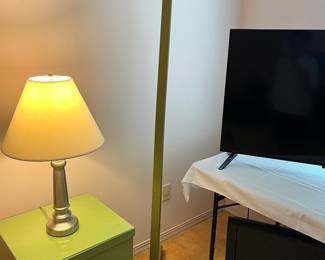 Side Table / Floor Lamo …..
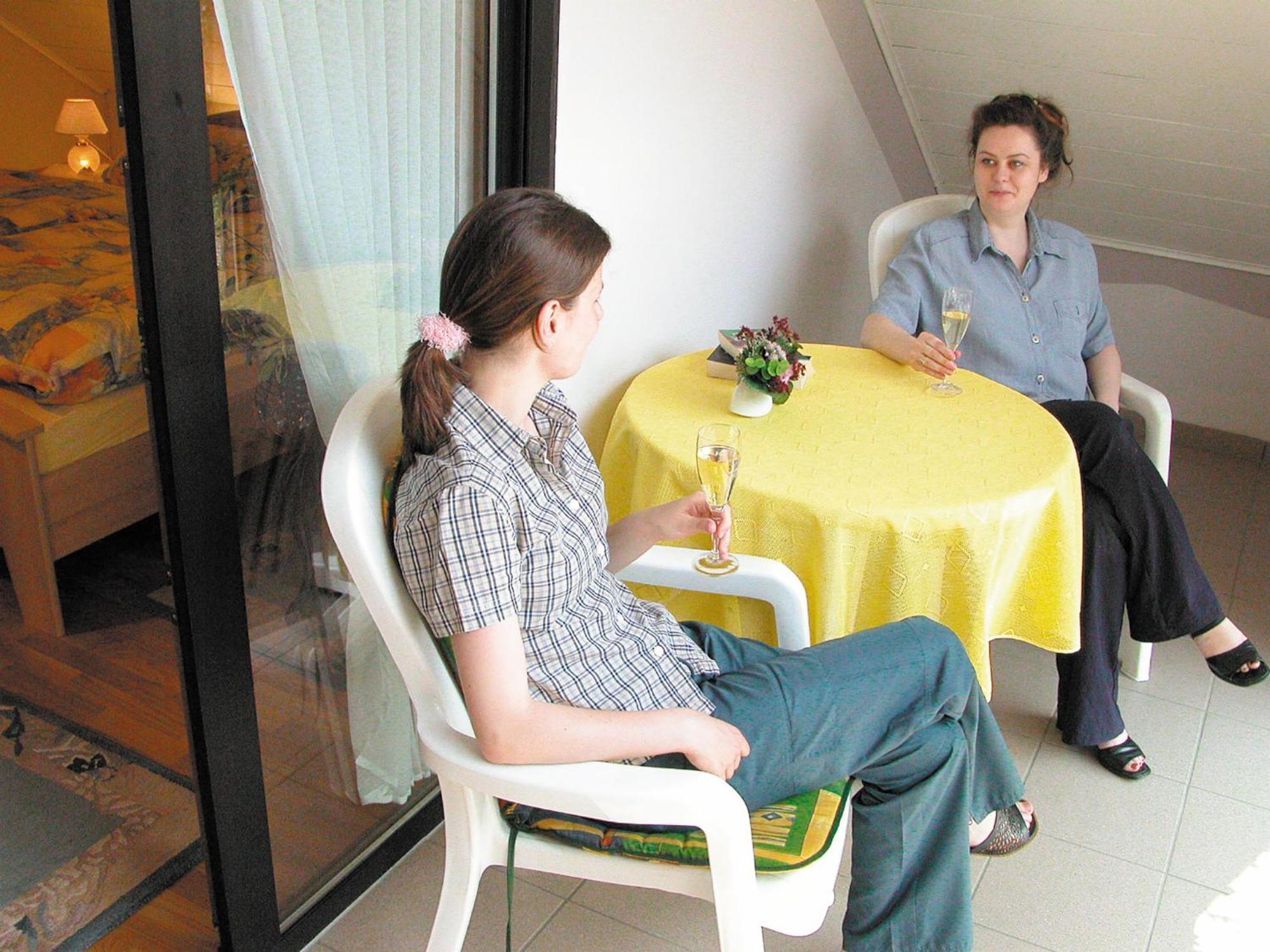 Weingut Rosenbaum Apartment Briedel Ruang foto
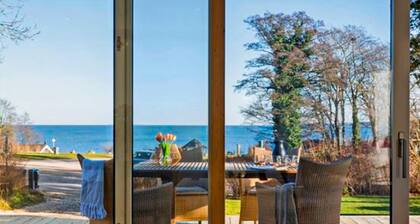 Stunning home in Børkop with house sea view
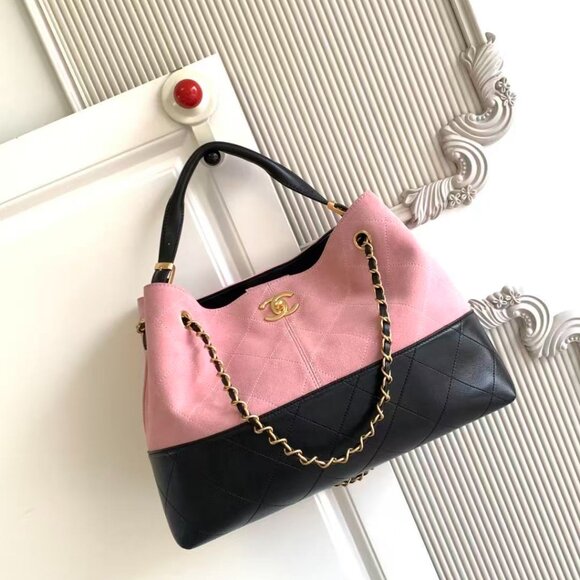 Classic CHANEL Bag: A Stylish and Versatile Choice for Elegance - Picture 5 of 5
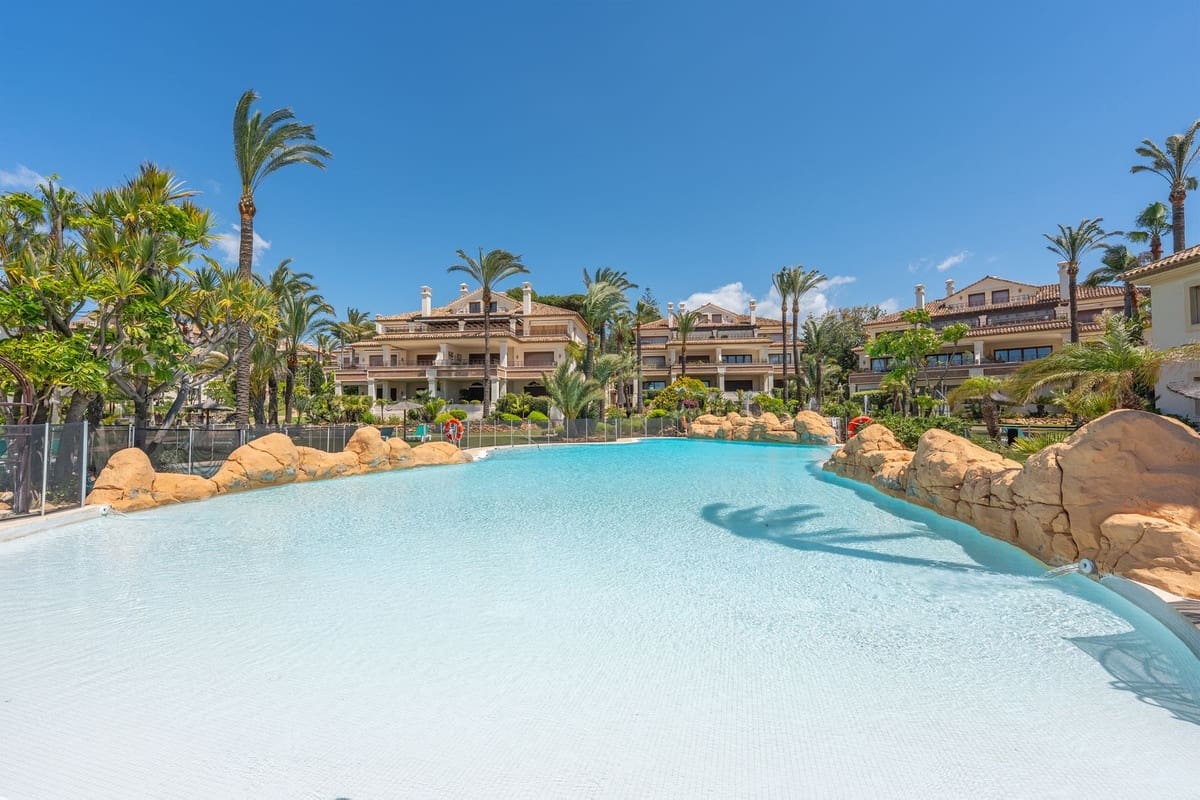 3 sypialnia Apartament na sprzedaż w Marbella z basenem garażem - 2 950 000 € (Ref: 10125513)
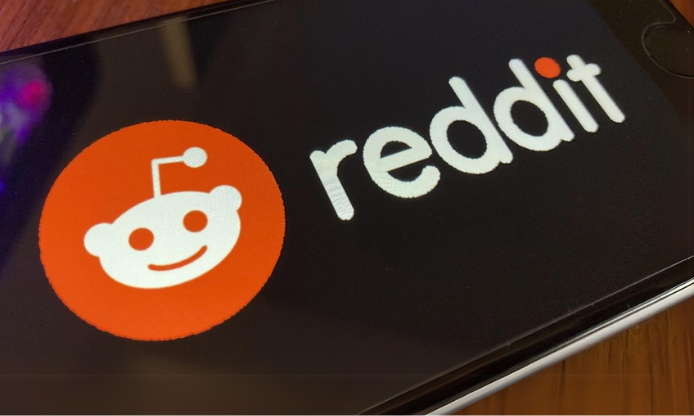 From Memes to News: Reddit&rsquo;s Hottest Trends Right Now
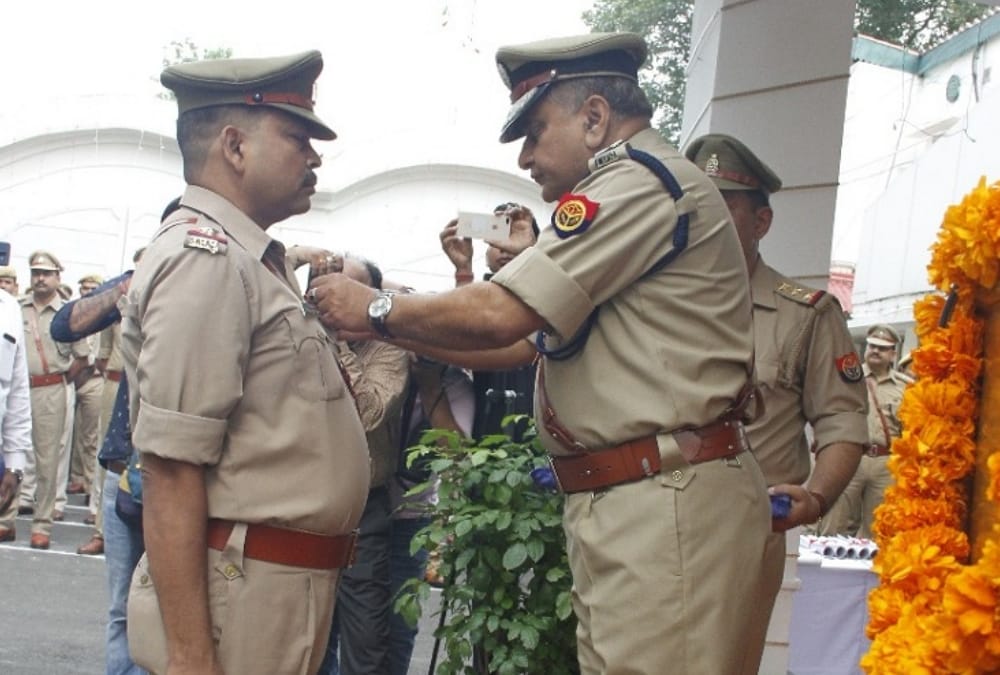 DGP Om Prakash Singh honoured police officers in lucknow.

REQUIRED ACTION :: Set the listing down again exactly, skipping each picture.

EXERCISE OUTPUT ::
 Side Table / Floor Lamo …..
 Weingut Rosenbaum Apartment Briedel Ruang foto
 Stunning home in Børkop with house sea view
 Classic CHANEL Bag: A Stylish and Versatile Choice for Elegance - Picture 5 of 5
 3 sypialnia Apartament na sprzedaż w Marbella z basenem garażem - 2 950 000 € (Ref: 10125513)
 From Memes to News: Reddit&rsquo;s Hottest Trends Right Now
 DGP Om Prakash Singh honoured police officers in lucknow.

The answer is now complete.